The Energy Department’s Office of Environmental Management acknowledged late Friday afternoon it will not remove remaining stranded drums of potentially-combustible transuranic waste from temporary storage in Andrews County, Texas this year.
“Due to the unique technical considerations” of removing the Los Alamos National Laboratory (LANL) TRU from Waste Control Specialists, “as well as still-to-be-determined impacts from the COVID-19 pandemic … DOE will not be able to meet the Texas request to have the drums removed from WCS before the end of 2020,” an agency spokesperson said via email.
However, DOE “remains fully committed to safely removing” the remaining drums from temporary storage at the privately held waste disposal site, the spokesperson added.
The news is not a surprise.

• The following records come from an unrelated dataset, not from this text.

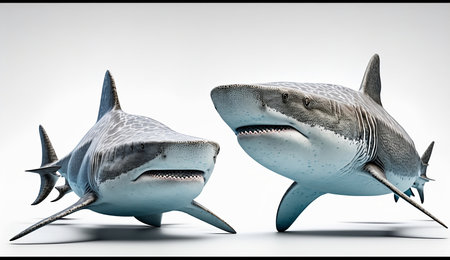 3D render of a pair of sharks isolated on white background.の素材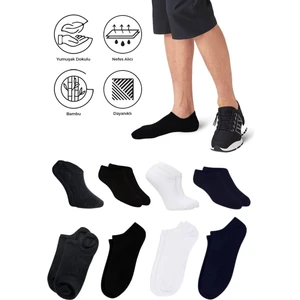 Bambu Erkek Sneaker Siyah-Beyaz-Laci-Füme Çorap Dikişsiz Görünmez Bilekte Spor Çorap Premium 4'lü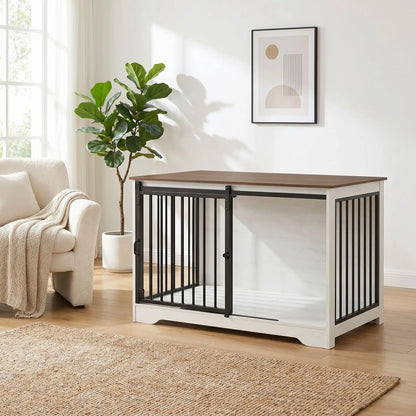 Dimensions extérieures : 100 x 60 x 68 cm-Dimensions intérieures de couchage :94 x 55 x 57,4 cm-Idéal pour chiot/chien jusqu'à 25 kg-Porte avant coulissante ultra-silencieuse qui économise l'espace-Porte latérale avec double système de verrouillage sécurisé- Tubes en acier robustes de 10 mm résistant à la mastication- Poignées ergonomiques pour une ouverture fluide et douce-Panneaux de particules épais impossibles à griffer-Points de soudure doubles sur chaque jonction-gros plan sur le meuble élégant blanc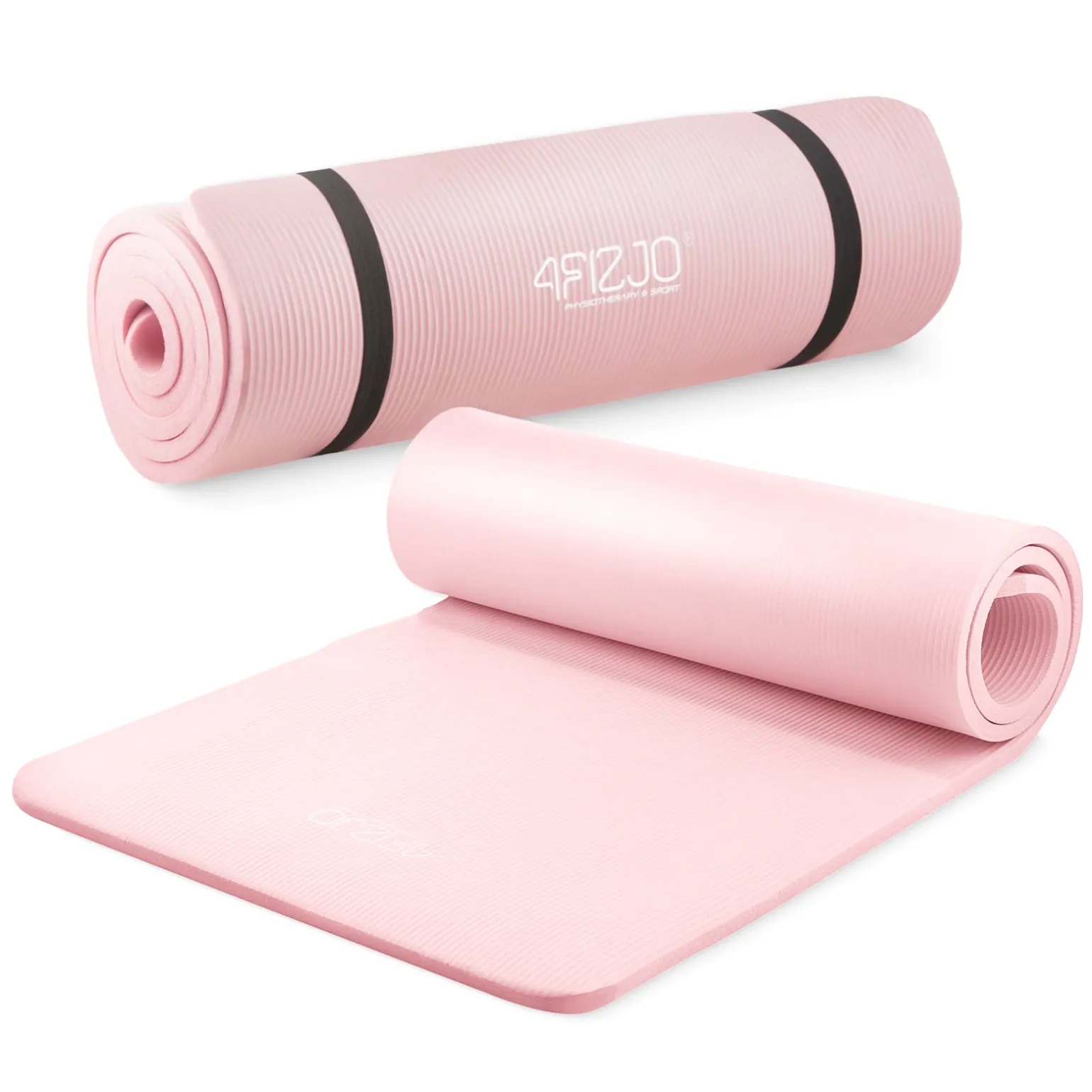 Mata do ćwiczeń fitness i jogi NBR 180 × 60 × 1 cm jasnoróżowa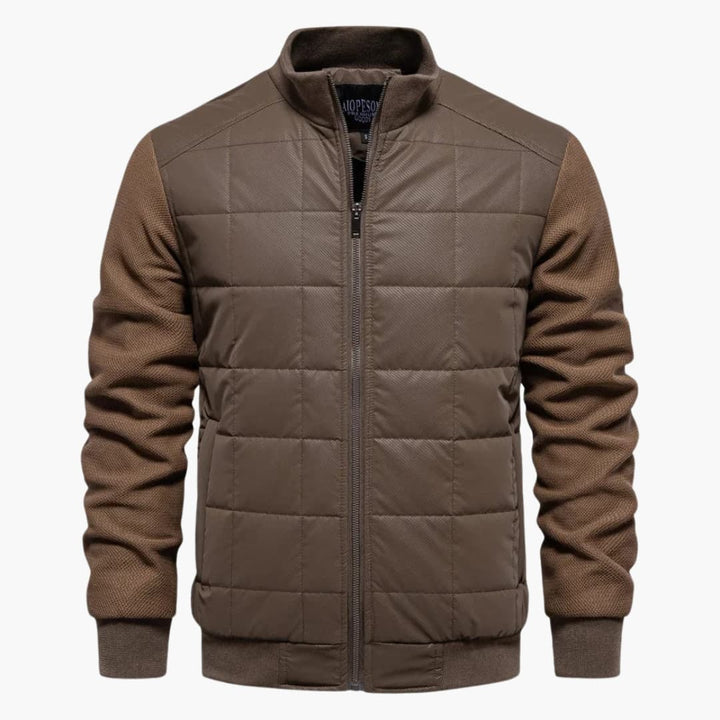 Steppjacke für Herren mit Stehkragen und Frontreißverschluss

Last month WCS filed a request with the Nuclear Regulatory Commission (NRC), seeking that agency’s approval to keep the waste for up to two additional years, through Dec. 23, 2022. Prior orders from both NRC and the Texas Commission on Environmental Quality (TCEQ) allow drums to stay at WCS until Dec. 23 of this year. The NRC expects to do a safety review and get back to the company by Oct. 30.
About 110 drums remain from a larger tranche that arrived at WCS in April 2014, two months after an improperly packaged waste drum from LANL burst open underground at DOE’s Waste Isolation Pilot Plant (WIPP) near Carlsbad, N.M., and caused a radiological leak that shuttered the facility for nearly three years. WIPP is the agency’s only deep underground disposal site for transuranic waste: material and equipment contaminated by elements heavier than uranium.
Most of the original tranche sent to WCS has since shipped to WIPP, but some drums stayed at the Texas site after DOE learned they shared similar combustibility risks as the LANL drum that burst underground.
In November 2019, TCEQ told the Energy Department it was no longer willing to hang onto the TRU waste indefinitely and wanted the stuff out of Texas by Dec. 23, 2020.
“We are going to do our best” to remove the legacy TRU from Texas by the end of 2020, DOE Senior Advisor William (Ike) White said during an early February presentation to the Energy Communities Alliance in Washington, D.C.
But a month or so after White speech, Americans would quickly become familiar with the terms: “coronavirus” or “COVID-19.” By mid-March the Energy Department dramatically scaled back operations at its nuclear cleanup sites, and full staffing has yet to be restored to pre-pandemic levels.